Nuevo Laredo, Mexico - The caretaker of a Texas priest's home in Nuevo Laredo admitted Tuesday to killing the 69-year-old reverend and said the two were intimately involved.
Manuel Martin Torres told police and reporters during a news conference that he stabbed and attacked Rev. Jesse Euresti with a machete after learning the priest was kicking him out of the home.
Torres said he had demanded Euresti pay him between $10,000 and $15,000.
Torres said he had been seeing the priest for the past year, and he would visit him every Monday in Nuevo Laredo. He said Euresti had recently met someone else.
"I was so angry," Torres said. "How is it possible that after using me for so long, he was going to give me a kick in the butt?"
Messages seeking comment from the Diocese of Austin and Euresti's family were not immediately returned Tuesday.

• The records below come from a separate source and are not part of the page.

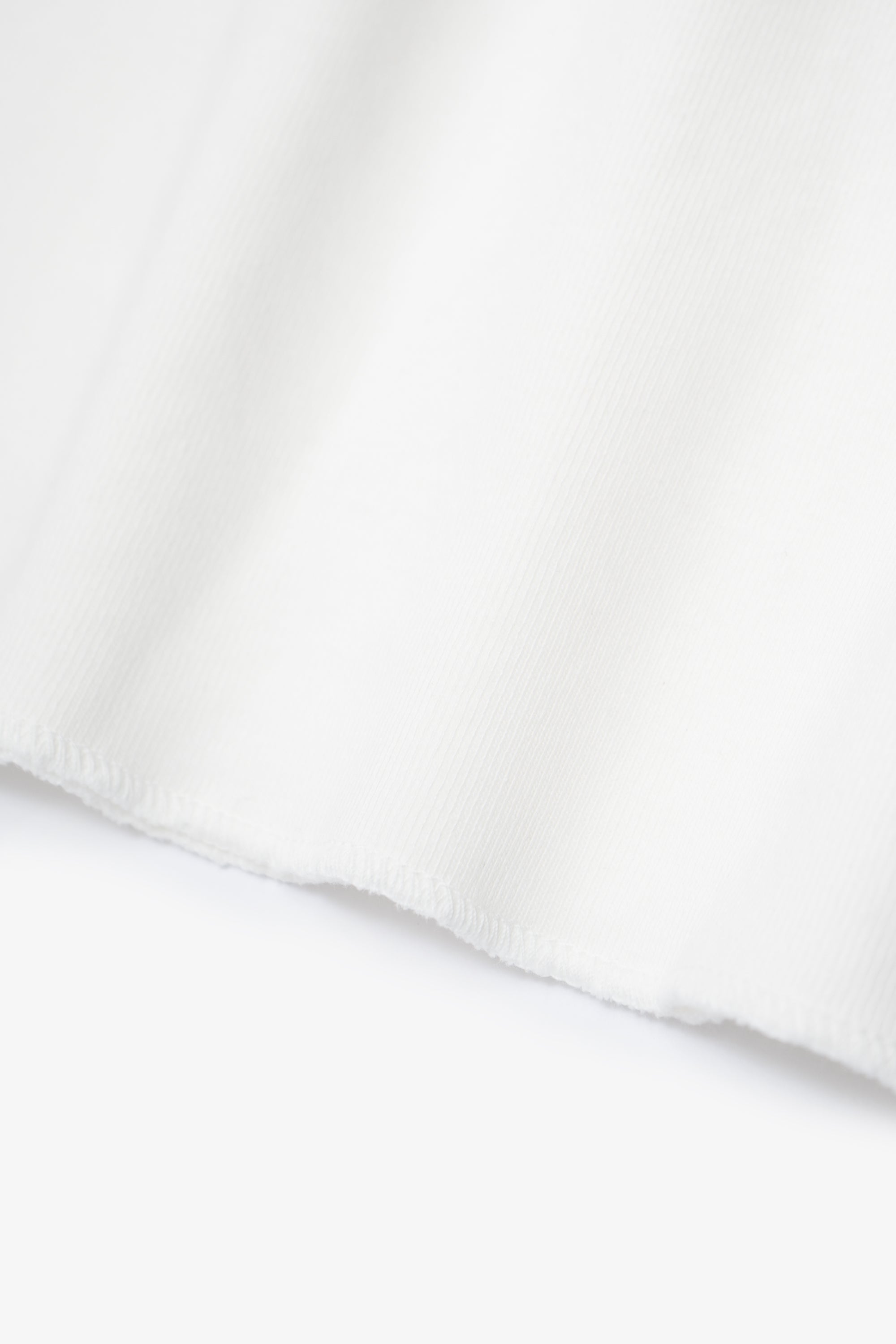 HIGH V-NECK T-SHIRT - WHITE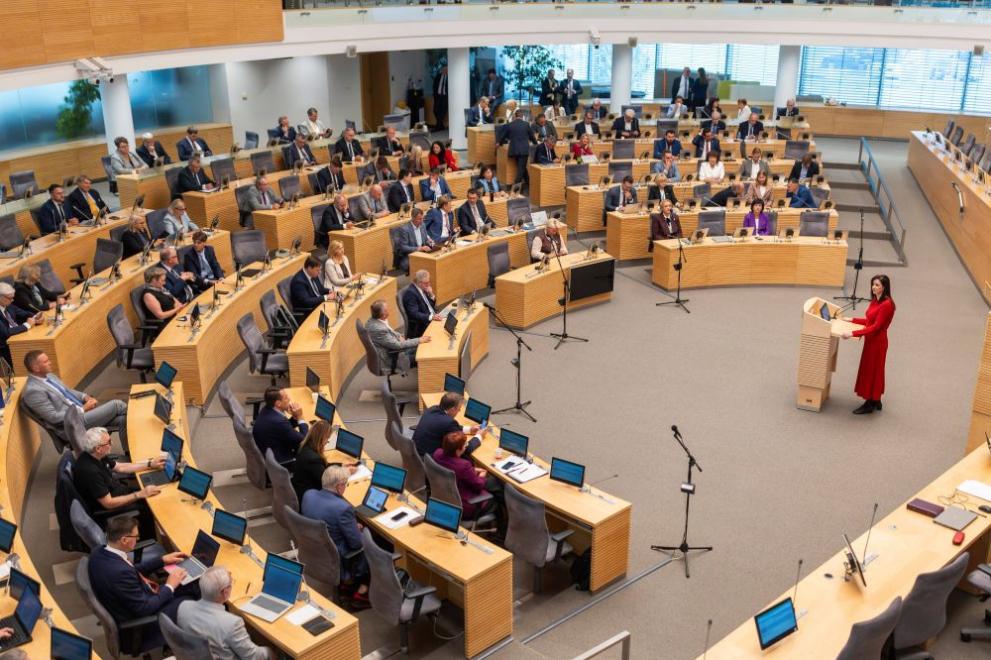 Инга Ругиниене в парламента във Вилнюс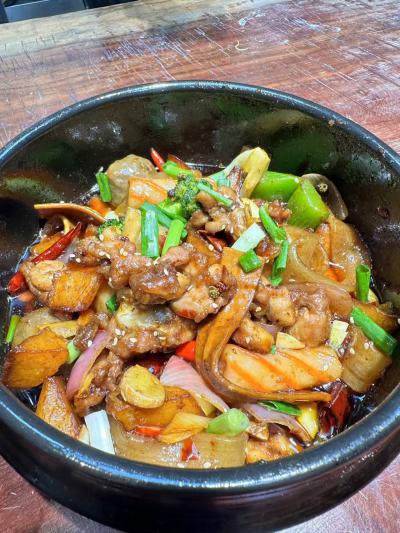 重慶雞公煲技術培訓哪里正宗？飄味緣餐飲培訓學校為您揭秘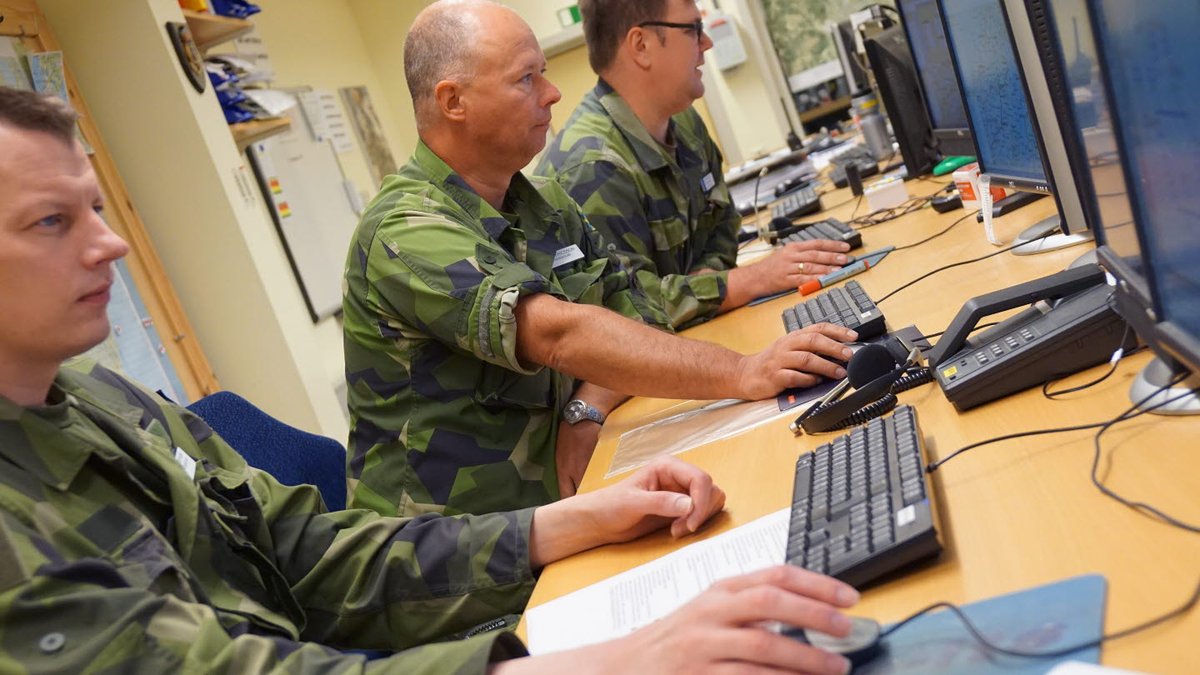 FM_MSS's tweet photo. MSS söker övningsledare till ledningsträningssektionen i Skövde https://t.co/1WmPBOvSIh https://t.co/rgWVLeG5L4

Euresti vanished a week ago after going to the Nuevo Laredo house he bought in September to do some repair work. A neighbor called police after finding blood in the garage and his bedroom, said Euresti's niece, Beatrice Rios. His mattress and an area rug were missing.
Euresti's body was found off a highway in Nuevo Laredo over the weekend after Torres allegedly called the reverend's family to demand 3,000 pesos, about $220, for information on its whereabouts. The family paid less than the demanded amount, said police Commander Guillermo Bermudez Davila. Torres was arrested Sunday when he tried to collect the money at a bank in the southern state of Chiapas.
Family members confirmed the identity of the decomposed body Monday.
Torres, who is from Honduras, said he demanded money from Euresti's family after he was mugged while trying to cross the Guatemalan border.
Christian Gonzalez, spokesman for the Diocese of Austin, said Euresti, the pastor of Cristo Rey Catholic Church in south Austin, had been making weekly trips to work on the house before his scheduled retirement in July. He planned to retire in Nuevo Laredo.
The priest, ordained in 1965, had worked as an Air Force chaplain and in bilingual parishes throughout Texas before returning to Cristo Rey, his childhood parish, in the final years of his career.